PROPOSITION 17.
Given two spheres about the same centre,
to inscribe in the greater sphere a polyhedral solid which does not touch the lesser sphere at its surface.
Let two spheres be conceived about the same centre
A; thus it is required to inscribe in the greater sphere a polyhedral solid which does not touch the lesser sphere at its surface.
Let the spheres be cut by any plane through the centre; then the sections will be circles, inasmuch as the sphere was produced by the diameter remaining fixed and the semicircle being carried round it; [
XI. Def. 14] hence, in whatever position we conceive the semicircle to be, the plane carried through it will produce a circle on the circumference of the sphere.
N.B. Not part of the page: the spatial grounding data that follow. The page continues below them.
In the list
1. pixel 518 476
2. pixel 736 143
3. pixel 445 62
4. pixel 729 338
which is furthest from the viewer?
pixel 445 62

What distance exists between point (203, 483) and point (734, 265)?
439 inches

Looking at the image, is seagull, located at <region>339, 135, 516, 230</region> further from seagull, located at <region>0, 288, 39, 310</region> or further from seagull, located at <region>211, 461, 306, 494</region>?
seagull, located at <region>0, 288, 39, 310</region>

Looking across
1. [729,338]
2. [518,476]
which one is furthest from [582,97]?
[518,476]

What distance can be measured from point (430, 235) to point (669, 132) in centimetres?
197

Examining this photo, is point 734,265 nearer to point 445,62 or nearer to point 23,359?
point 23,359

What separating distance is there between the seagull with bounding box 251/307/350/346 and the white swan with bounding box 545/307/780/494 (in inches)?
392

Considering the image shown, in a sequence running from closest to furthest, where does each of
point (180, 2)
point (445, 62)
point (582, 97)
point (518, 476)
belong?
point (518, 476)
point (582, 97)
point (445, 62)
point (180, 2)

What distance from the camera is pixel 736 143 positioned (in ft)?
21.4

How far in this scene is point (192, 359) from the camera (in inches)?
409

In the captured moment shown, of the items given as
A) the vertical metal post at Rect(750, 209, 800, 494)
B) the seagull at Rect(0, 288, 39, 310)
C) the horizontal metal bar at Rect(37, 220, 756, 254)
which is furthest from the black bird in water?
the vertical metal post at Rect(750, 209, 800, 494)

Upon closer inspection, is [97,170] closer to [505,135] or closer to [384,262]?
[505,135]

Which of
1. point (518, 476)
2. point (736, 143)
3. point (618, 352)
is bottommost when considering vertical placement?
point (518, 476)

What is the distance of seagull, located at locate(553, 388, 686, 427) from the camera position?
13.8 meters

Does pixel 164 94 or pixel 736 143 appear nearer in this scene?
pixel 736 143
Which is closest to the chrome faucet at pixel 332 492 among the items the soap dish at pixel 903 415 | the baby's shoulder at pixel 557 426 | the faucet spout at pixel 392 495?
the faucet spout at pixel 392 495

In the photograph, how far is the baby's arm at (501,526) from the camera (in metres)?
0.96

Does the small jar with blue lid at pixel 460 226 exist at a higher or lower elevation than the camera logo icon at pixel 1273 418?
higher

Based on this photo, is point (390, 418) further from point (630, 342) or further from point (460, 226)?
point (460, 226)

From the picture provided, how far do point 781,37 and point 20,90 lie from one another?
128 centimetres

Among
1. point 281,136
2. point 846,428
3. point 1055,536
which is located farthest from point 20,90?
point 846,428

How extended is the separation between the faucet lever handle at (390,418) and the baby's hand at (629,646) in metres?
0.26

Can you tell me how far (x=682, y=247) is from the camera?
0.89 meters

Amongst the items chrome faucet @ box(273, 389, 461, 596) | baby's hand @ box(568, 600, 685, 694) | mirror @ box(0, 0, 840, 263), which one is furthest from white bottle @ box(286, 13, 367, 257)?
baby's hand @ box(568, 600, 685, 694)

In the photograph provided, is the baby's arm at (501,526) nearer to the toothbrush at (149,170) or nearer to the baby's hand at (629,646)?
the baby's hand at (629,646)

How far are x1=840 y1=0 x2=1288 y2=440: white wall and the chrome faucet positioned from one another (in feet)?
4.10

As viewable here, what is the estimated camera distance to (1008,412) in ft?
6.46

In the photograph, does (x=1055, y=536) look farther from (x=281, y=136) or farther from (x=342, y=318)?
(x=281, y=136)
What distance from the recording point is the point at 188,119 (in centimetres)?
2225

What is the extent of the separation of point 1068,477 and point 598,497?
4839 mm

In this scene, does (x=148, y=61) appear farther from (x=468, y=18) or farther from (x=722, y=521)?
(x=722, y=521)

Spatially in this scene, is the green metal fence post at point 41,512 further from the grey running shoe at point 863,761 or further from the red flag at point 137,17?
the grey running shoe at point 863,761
And it is manifest that this circle is the greatest possible, inasmuch as the diameter of the sphere, which is of course the diameter both of the semicircle and of the circle, is greater than all the straight lines drawn across in the circle or the sphere.
Let then
BCDE be the circle in the greater sphere, and
FGH the circle in the lesser sphere; let two diameters in them,
BD,
CE, be drawn at right angles to one another; then, given the two circles
BCDE,
FGH about the same centre, let there be inscribed in the greater circle
BCDE an equilateral polygon with an even number of sides which does not touch the lesser circle
FGH, let
BK,
KL,
LM
ME be its sides in the quadrant
BE. let
KA be joined and carried through to
N, let
AO be set up from the point
A at right angles to the plane of the circle
BCDE, and let it meet the surface of the sphere at
O, and through
AO and each of the straight lines
BD,
KN let planes be carried; they will then make greatest circles on the surface of the sphere, for the reason stated.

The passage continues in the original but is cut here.